Brett Cannon asked whether the standard library's annotations should be shipped with Python, either as stub files or in the code itself. Van Rossum said new stdlib code should be written with annotations inline, but old code includes optimizations and strange legacy behaviors that defy static typing. Currently mypy does not analyze standard library code because "it assumes that the standard library is full of untyped shit," it looks in typeshed instead. If indigenous type annotations grew in the standard library, the core team would have to coordinate with type checker authors to manage the change.

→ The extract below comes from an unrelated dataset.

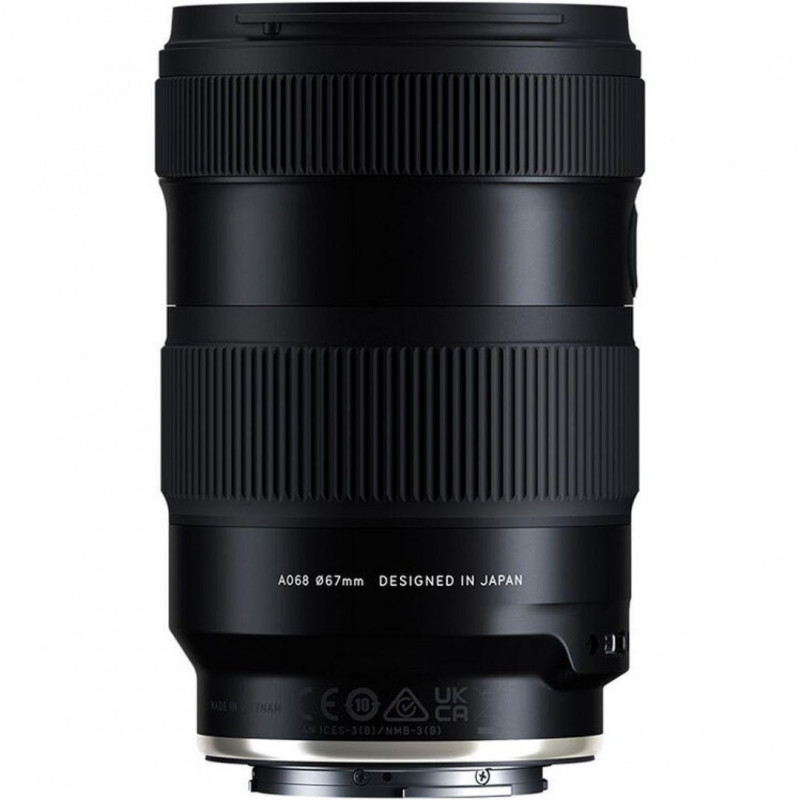 Объектив Tamron 17-50mm F/4 Di III VXD для Sony E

Van Rossum offered an update on mypy. He admitted he hadn't been active on mypy recently, and "my former colleagues at Dropbox have not been able to make as much progress as we did in the past." Support for NumPy is stalled. The same goes for decorators, although once PEP 612 is approved it will provide a prerequisite for decorator support in mypy. Raymond Hettinger asked if mypy development needs funding. Michael Sullivan, a mypy contributor from Dropbox, replied that Dropbox considers mypy mostly complete, and has moved on to projects like their Python 3 migration. Van Rossum said funding could help. Personally he has "moved on to retirement." The Python static typing mailing list is quieter than Van Rossum would like, interested people should join.

There's better news about mypyc, an experimental project to translate type-annotated Python into C. The translator's main use for now is converting mypy to C for speed. There is work in progress to allow a mix of Python and Python-translated-to-C in the same program, and to write documentation. The mypyc project expects a Google Summer of Code student this summer.